07-30-2010 04:22 PM
I want to perform a FFT on a waveform that describes a Gaussian pulse in amplitude vs. time. I also want to have that pulse centered so that its maximum is at t = 0.
So far I have been using Amplitude and Phase Spectrum.vi and FFT Spectrum (Mag-Phase).vi. The problem with the former is that it only takes a 1D array of Y values, not another array for time values. The problem with FFT Spectrum (Mag-Phase).vi is that I don't know how to use the t0 component (it requires a timestamp?).
I have tried "wrapping" the pulse around, i.e. cutting the first half of the pulse and concatenating it to the end but this doesn't have the FFT I want (which would have constant phase in frequency domain).

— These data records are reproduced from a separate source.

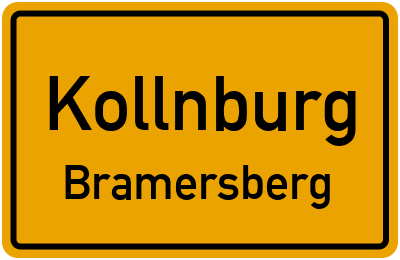 Ortsschild Kollnburg Bramersberg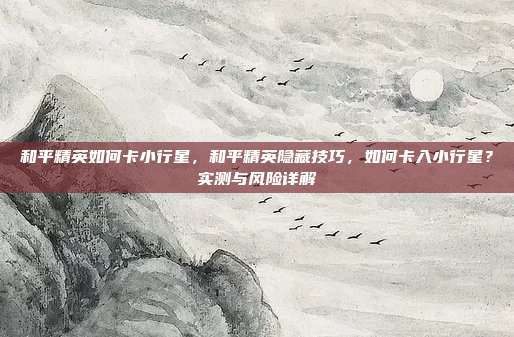 和平精英如何卡小行星,和平精英隐藏技巧,如何卡入小行星?实测与风险详解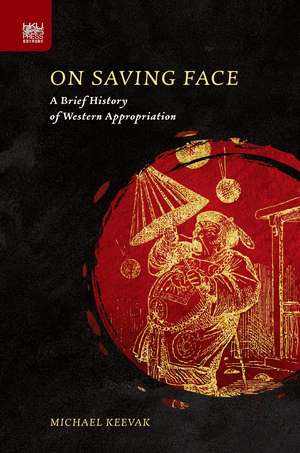 On Saving Face: A Brief History of Western Appropriation de Michael Keevak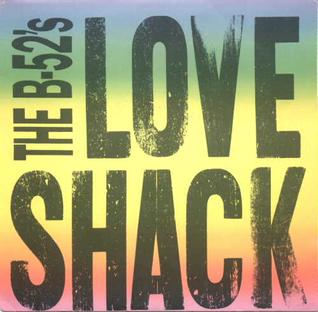 The B-52's - Love Shack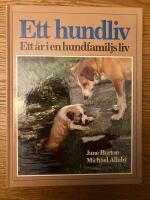 Ett hundliv : ett &aring;r i en hundfamiljs liv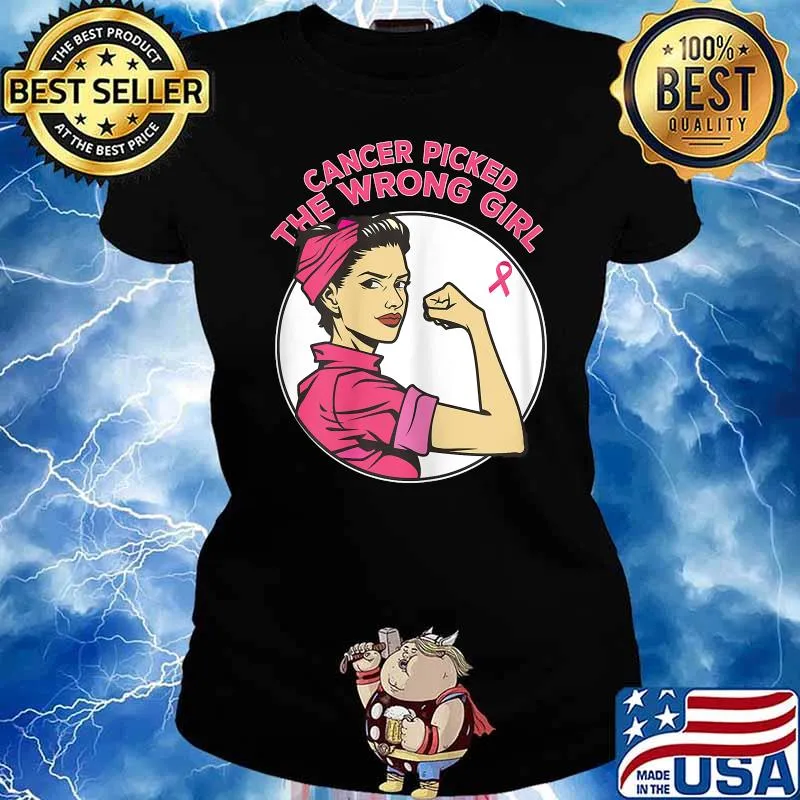 Cancer Picked The Wrong Girl Breast Cancer Awareness T-Shirt Ladies tee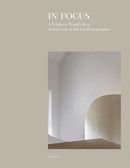 In Focus : A Tribute to World's Best Architecture & Interior Photographers-9782875501370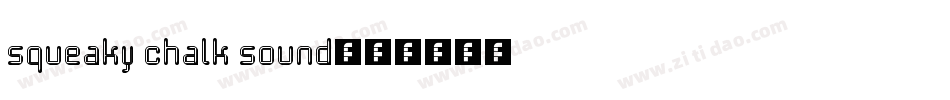 squeaky chalk sound字体转换
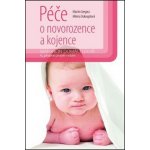 Péče o novorozence a kojence - Gregora Martin, Dokoupilová Milena – Hledejceny.cz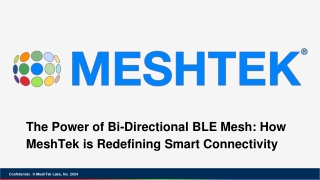 The Power of Bi-Directional BLE Mesh_ How MeshTek is Redefining Smart Connectivity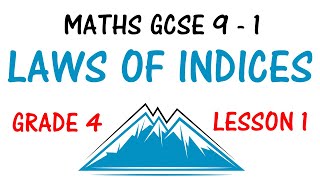 LAWS OF INDICES | Lesson 1 | Maths GCSE 9 - 1 Revision | Grade 4 | Higher & Foundation |
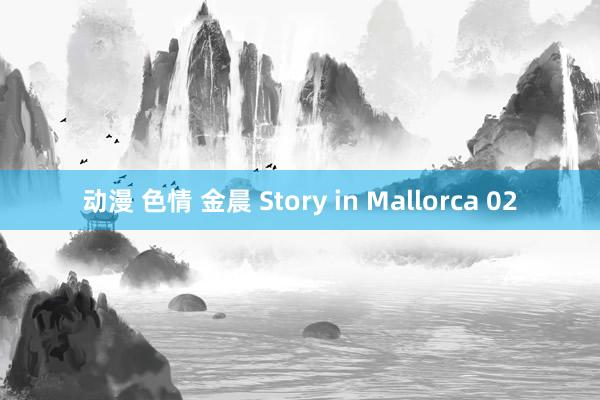 动漫 色情 金晨 Story in Mallorca 02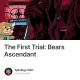 The First Trial: Bears Ascendant #657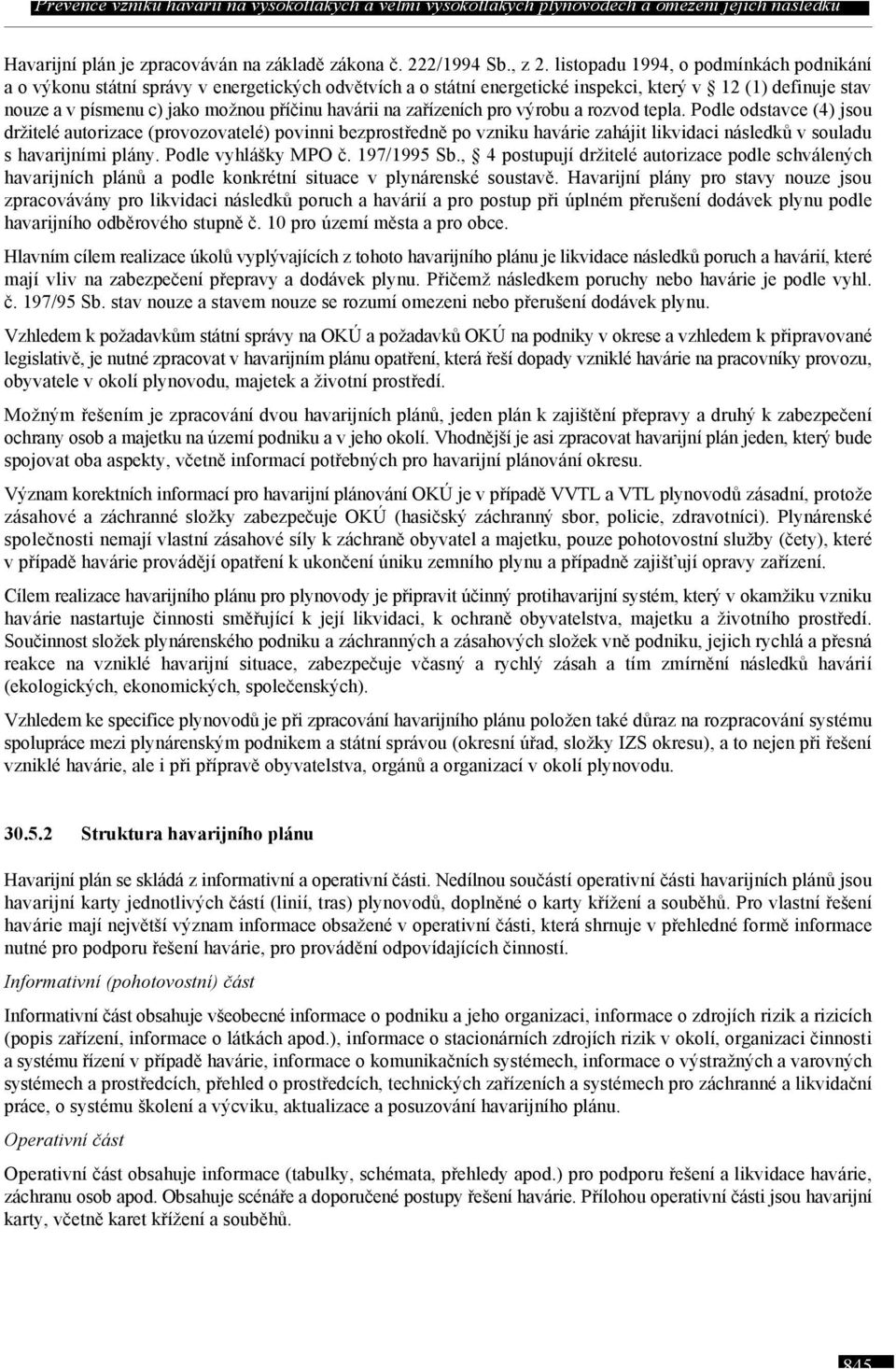 na zařízeních pro výrobu a rozvod tepla. Podle odstavce (4) jsou držitelé autorizace (provozovatelé) povinni bezprostředně po vzniku havárie zahájit likvidaci následků v souladu shavarijními plány.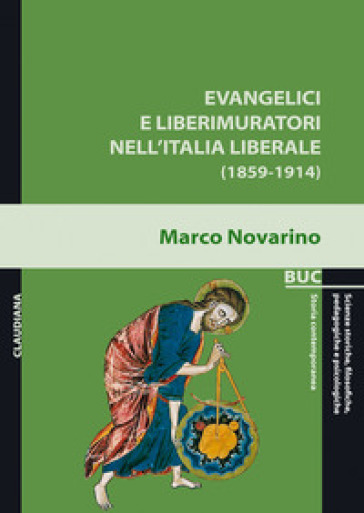 Evangelici e liberimuratori nell'Italia liberale (1859-1914) - Marco Novarino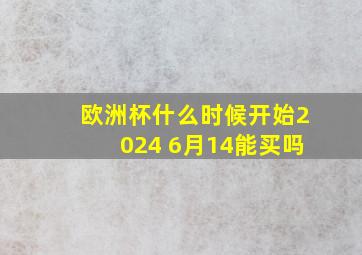 欧洲杯什么时候开始2024 6月14能买吗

A bit about my background: I'm an undergrad volunteering in an ultrafast spectroscopy lab, so it's very possible I'm ignoring something very elementary here about FFT, which I still treat as something of a black box, so any help in that topic would be welcome.
08-02-2010 12:17 PM
Hello,
In the Amplitude and Phase Spectrum vi, the time values are accounted for by wiring the dt input of the function. This assumes that you have a constant dt between each point and the very first point is treated as t=0. The other function behaves similarly except that you are using a waveform. A waveform consists of 1) Amplitude values, 2) t0 (timestamp - for you, the timestamp can just be an arbitrary constant value) 3) dt (again, this make it a constant dt between all the points) 4) Attributes. Overall, you should get similar results from either of these. In terms of your data, do they have a constant time interval between points or not?
-Zach
08-02-2010 12:58 PM
derada,
Look up the translation property of a Fourier transform. A time shift of Tp (which is what you want to do) translates to a complex phase shift of exp(-2*pi*i*Tp*f). All LV FFT functions work on arrays with indexes starting at zero, so you need to keep track of the shifts separately.
Lynn